▶ _WORK INSTRUCTION_: The data below contains pictures, which are to be skipped; the lines starting at the line with "3rd image of 765 Magnolia Rd" and ending at the line with "Volvo XC60 T6" are to be output exactly, both ends included.

▶ _MATERIAL PROVIDED_:

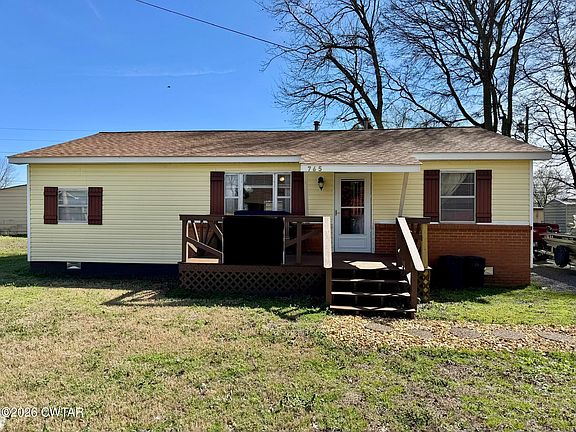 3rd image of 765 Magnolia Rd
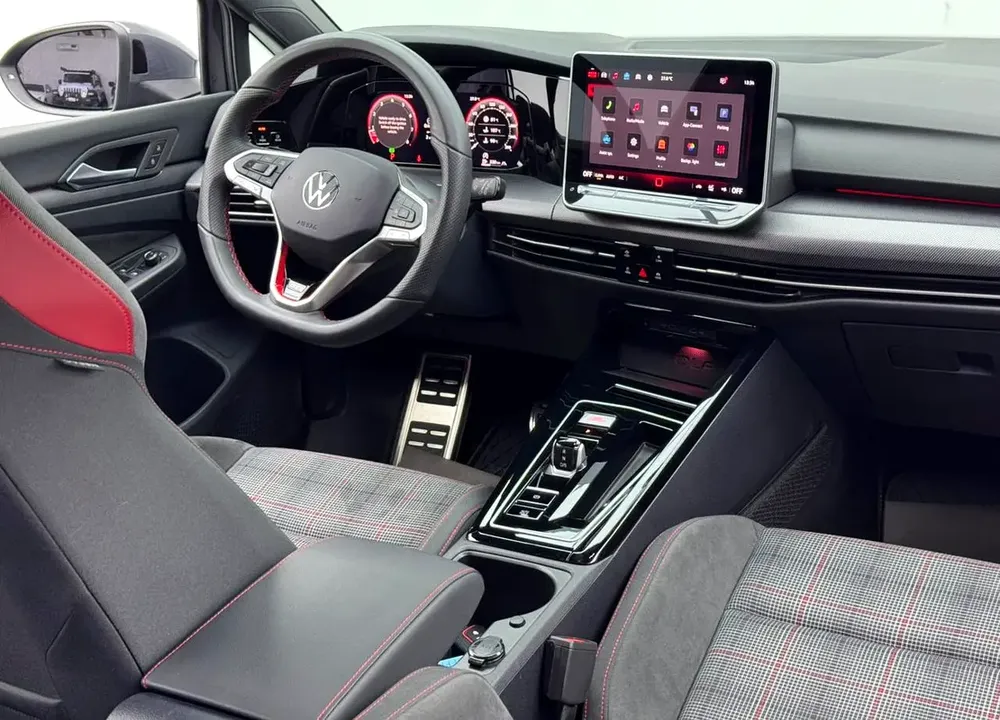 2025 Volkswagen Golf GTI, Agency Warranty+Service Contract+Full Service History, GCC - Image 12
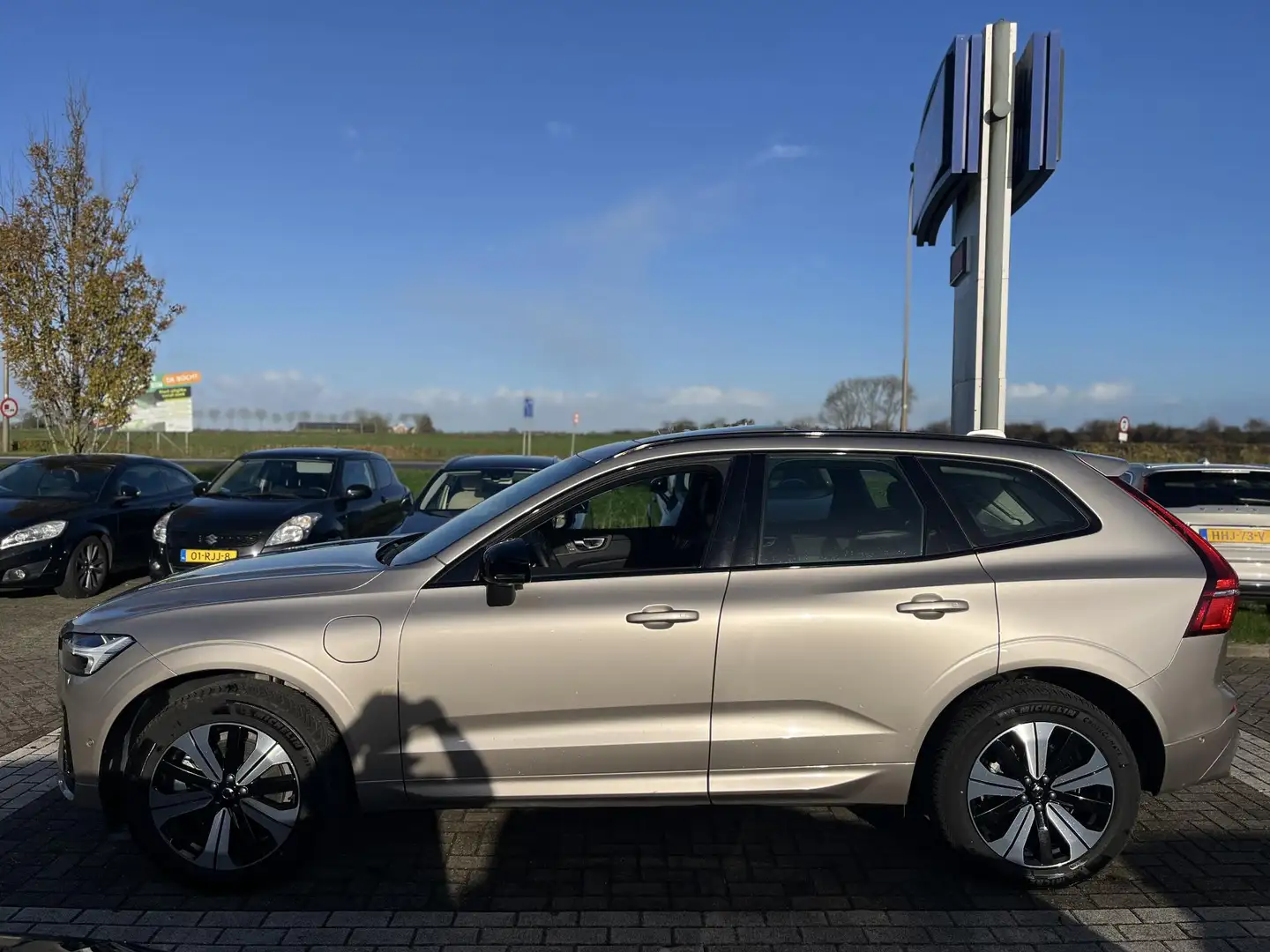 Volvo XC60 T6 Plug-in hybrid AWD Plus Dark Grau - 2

==

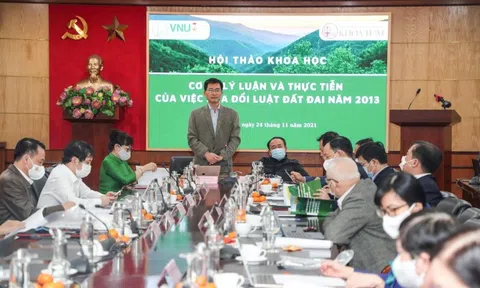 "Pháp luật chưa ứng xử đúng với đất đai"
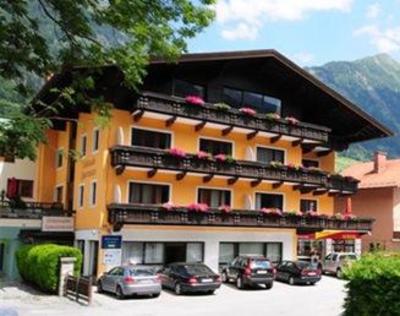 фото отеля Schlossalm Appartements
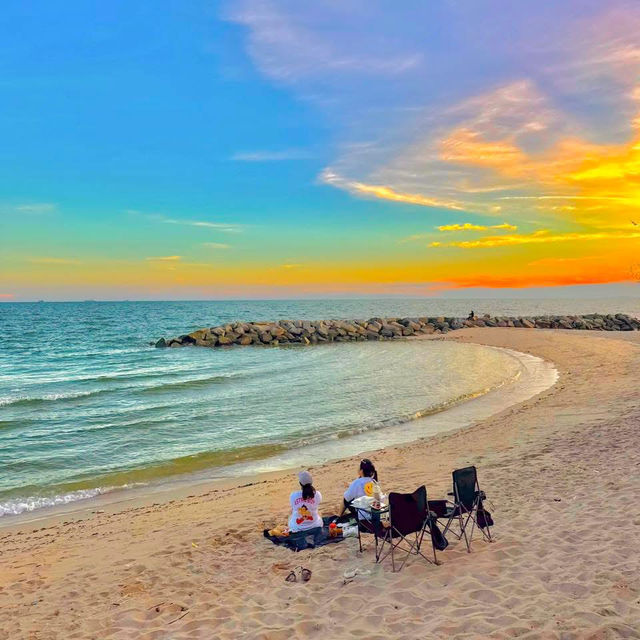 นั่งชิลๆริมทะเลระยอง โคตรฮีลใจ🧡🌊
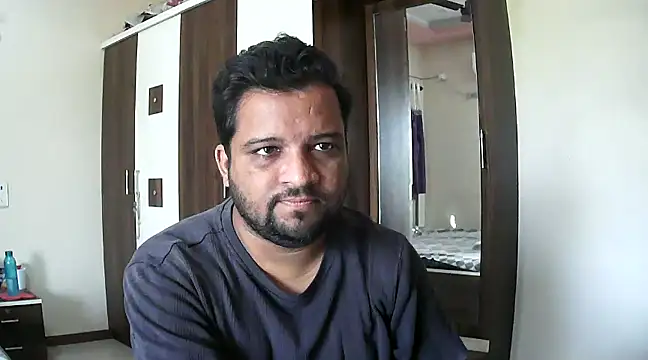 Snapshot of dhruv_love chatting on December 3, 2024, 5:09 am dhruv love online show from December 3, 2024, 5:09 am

▶ _EXERCISE RESPONSE_:
 3rd image of 765 Magnolia Rd
 2025 Volkswagen Golf GTI, Agency Warranty+Service Contract+Full Service History, GCC - Image 12
 Volvo XC60 T6 Plug-in hybrid AWD Plus Dark Grau - 2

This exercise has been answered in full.